A proposition that's difficult to fault. As a newbie, I was initially impressed by discs but, further research has uncovered a surprising indifference to discs by cyclists & mechanics who know what they're talking about. I'm in for a new tourer and it will probably have V or regular cantilevers.


----------



## Milzy (2 Jun 2013)

Off topic but do you think they'll ever use disks in the TDF?


----------



## Glenn (2 Jun 2013)

Only if the UCI approve them for road racing


----------



## Milzy (2 Jun 2013)

Glenn said:


> Only if the UCI approve them for road racing


 
Are the same reasons for not approving them listed in the link above? It would massively change most road bikes for sale if they did change I'd have thought.


----------



## Milzy (2 Jun 2013)

Found this
http://www.cyclingnews.com/news/will-the-uci-sanction-disc-brakes-in-the-pro-peloton


----------



## vernon (3 Jun 2013)

puch said:


> A proposition that's difficult to fault.
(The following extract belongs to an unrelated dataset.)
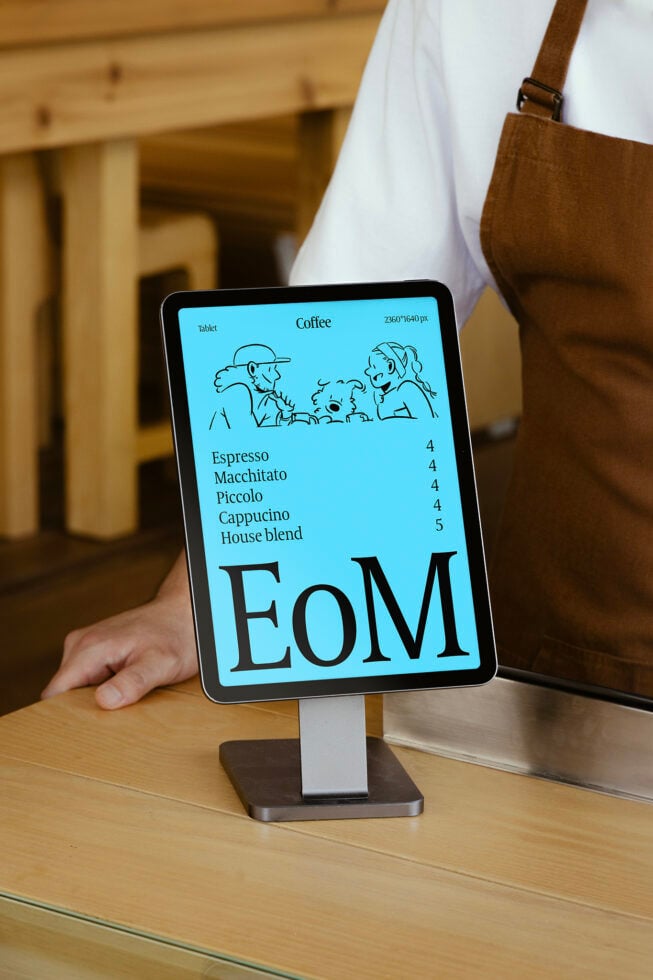 Tablet menu mockup on a wooden counter showcasing a coffee menu with illustration. Keywords: tablet mockup, digital menu, coffee shop design.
As a newbie, I was initially impressed by discs but, further research has uncovered a surprising indifference to discs by cyclists & mechanics who know what they're talking about. I'm in for a new tourer and it will probably have V or regular cantilevers.


 

If you are making a choice between V brakes and cantilevers, go fo V brakes. They are far more effective than any cantilever set up that I have used over the past ten years.


----------



## Mad Doug Biker (3 Jun 2013)

It always seems to me that if you are doing something seriously long distance and hardcore, and if you can, fit both disk and rim brakes, with say, some suicide levers on the handlebars along with the normal brake levers. It might look a bit daft, but hey, if one set fails, you will still have another as back up, and if you are in the middle of where, nobody will be laughing at you then, will they?!

I'll get me coat.


----------



## Crankarm (3 Jun 2013)

Disc brakes are pretty reliable. I wouldn't bother fitting anything else. Disk brakes I have no experience of.


----------



## puch (4 Jun 2013)

vernon said:


> If you are making a choice between V brakes and cantilevers, go fo V brakes. They are far more effective than any cantilever set up that I have used over the past ten years.


 
Thanks for the welcome advice. Noted & filed. BTW, I assume V brakes = Linear Pull Brakes.


----------



## vernon (4 Jun 2013)

puch said:


> Thanks for the welcome advice. Noted & filed. BTW, I assume V brakes = Linear Pull Brakes.


 

Yep.


----------



## Nigeyy (5 Jun 2013)

Oh no not this old chestnut again.....

For full disclosure, my touring bike has BB7 road brakes. And yes, I do love them. However.... pretty much any good quality well setup common brake system will work (think about this, how long have people been touring?). I put discs* on my tourer as I liked the idea of not wearing the rims down, not heating rims on a descent, more predictability in the wet, modulation, etc. Truth be told though, v-brakes and cantis are fine brake systems (again, assuming good quality pads, well setup, well maintained, blah, blah, etc, etc) and each brake system has its advantages and disadvantages. FWIW, one of my favourite braking systems is a canti setup -the power and modulation is just outstanding! If I was building a touring bike again, I don't think I'd bother with discs -but I also certainly won't be taking them off my tourer anytime soon either.

If you are on a budget, I'd say save your money as disc specific hubs, possibly brake levers and the brakes themselves can easily be costly compared to more traditional rim brakes. And good rim brakes will work just fine -as many people can attest to.

*when this discussion comes up, I frequently hear the negatives of disc brakes that I find, quite frankly, to be -in my opinion -more grounded in the areas of trying to win an argument rather than reality. More complex? Yes. So are derailleurs and geared hubs -would you not use those? Reliability? I've had first hand experience of more trouble with rim brakes than discs.... Dished wheels less strong? I'm sure theoretically yes, but any good quality well built wheel -even dished for discs -should be fine. I don't see too many mtbers with disc wheels afraid of doing big jumps for fears of weakened wheels  Problem getting spares for disc brakes in Outer Mongolia? Yes, absolutely. But try to find a v-brake as well! (not to mention *most* people don't tour in really remote places.) Don't get me wrong, disc brakes do have their downsides (e.g. if you have a rear disc brake outside the seat stay you'll need a disc specific rack, there are less choices of brakes and levers for drop handlebars, less bang for the buck than their rim counterparts, less likelihood of finding spares in remote places, etc) but I do think some of the oft quoted negatives are just unrealistic and misleading in the big picture.


----------



## Blue Hills (6 Jun 2013)

Interesting well balanced post - thanks. My cantis stopped me fine and sharp (the back of the bike flipped up off the road) when I had to do a sudden stop yesterday when a driver did a barmy U turn at a junction. (* NB - I'm not dissing disc brakes or any other type)

(edited for typo)


----------



## puch (6 Jun 2013)

@Nigeyy
Thanks. An informative useful post.



Nigeyy said:


> If I was building a touring bike again, I don't think I'd bother with discs


 
I've read many posts by touring people expressing this opinion, often.


----------